Commercial Mortgage: Your Questions Answered

Understanding commercial mortgages is important if you plan on being a successful investor of wealth.

What is a commercial mortgage?

A commercial mortgage is a business credit using real estate (i.e. commercial building or other industrial property) as collateral to ensure settlement within an agreed period of time. This is a type of mortgage employed usually by business entities and not private individuals. By business entities, we refer to incorporated businesses, partnerships or limited companies.

Why do businesses avail of commercial mortgages?

The most common reasons for applying for a commercial mortgage are:
- Increase or expansion of current facilities
- Purchase or acquisition of land or industrial assets
- Commercial or residential investment
- Development of properties

Who qualifies for commercial mortgages?

There are several criteria to qualify for a commercial mortgage.
1. "Debt service coverage ratio" - this refers to the proportion of availability of cash to the needed loan settlements. Although many lenders may accommodate some applicants with some unfavorable credit records, most will expect a personal investment on the part of the borrower into the acquisition.
2. Feasibility of the business plan and current business standing - the lenders will want to see where the business is headed to and within what timelines these goals are expected to be achieved.
3. Type of business and type of land - risk factors that affect the business in relation to the nature of the industry and intended use of the premise is likewise considered

What are the general terms for commercial mortgages?

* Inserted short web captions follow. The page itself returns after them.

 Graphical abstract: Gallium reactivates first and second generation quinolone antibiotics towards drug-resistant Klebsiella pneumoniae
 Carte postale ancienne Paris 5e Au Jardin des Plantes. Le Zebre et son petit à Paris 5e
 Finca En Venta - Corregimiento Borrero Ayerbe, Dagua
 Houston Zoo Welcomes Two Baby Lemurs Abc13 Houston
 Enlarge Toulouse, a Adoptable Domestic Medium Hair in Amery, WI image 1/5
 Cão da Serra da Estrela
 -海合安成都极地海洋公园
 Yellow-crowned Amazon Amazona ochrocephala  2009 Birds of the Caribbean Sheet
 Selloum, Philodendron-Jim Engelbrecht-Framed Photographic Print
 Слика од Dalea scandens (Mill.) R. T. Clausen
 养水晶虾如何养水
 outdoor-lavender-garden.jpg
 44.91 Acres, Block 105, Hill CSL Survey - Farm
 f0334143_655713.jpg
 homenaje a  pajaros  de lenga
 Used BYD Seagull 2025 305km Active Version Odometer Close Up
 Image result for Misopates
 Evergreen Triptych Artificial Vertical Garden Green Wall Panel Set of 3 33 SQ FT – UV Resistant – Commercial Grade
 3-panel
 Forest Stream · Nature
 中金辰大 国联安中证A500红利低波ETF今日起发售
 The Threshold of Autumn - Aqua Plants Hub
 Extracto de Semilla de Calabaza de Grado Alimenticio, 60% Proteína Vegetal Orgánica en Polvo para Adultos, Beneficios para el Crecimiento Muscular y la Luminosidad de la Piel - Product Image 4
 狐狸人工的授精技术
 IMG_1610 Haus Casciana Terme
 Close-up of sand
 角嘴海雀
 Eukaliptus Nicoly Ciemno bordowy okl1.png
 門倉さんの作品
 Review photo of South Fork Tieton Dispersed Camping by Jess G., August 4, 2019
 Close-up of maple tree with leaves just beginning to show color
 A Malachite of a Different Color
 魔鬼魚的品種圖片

Most U.S. commercial mortgages call for monthly payments that have been scaled small enough to be able to settle the loan within a 20 or 30 year credit period span, with a total payoff within a lesser period of time. In other words, there are two basic elements to the commercial mortgage term. First is the period of time permitted before the total payoff? This can range from 5 to 30 years and can also be referred to as the 'term'. The second is the amortization. If the term of the mortgage is 10 years, with a 30-year amortization timetable, the commercial mortgage will be referred to as a 10/30.

What about interest rates?

One thing to remember is that interest rates for commercial mortgages are definitely higher compared to interest rates in residential mortgages
.

The basic type of commercial mortgage is the 'fixed rate commercial mortgage'. As the name implies, it facilitates a fixed interest rate and payment for a full term loan. It is, shall we say, friendlier to the business budget as its rates do not sway along with fluctuating factors in the business market. This type of commercial mortgage makes planning easier.

Another type of commercial mortgage is the adjustable commercial mortgage funding. In this type, interest rates fluctuate depending in relation to an index that is chosen at the time of the mortgage issuance. The advantage of and ARM (Adjustable Rate Mortgage) is that probability for getting a higher loan amount and the potential savings compared to a fixed rate in the long run. With the ARM, interest rates are changed periodically. This gives the borrower a chance to avail of lower interest rates if the rates go down.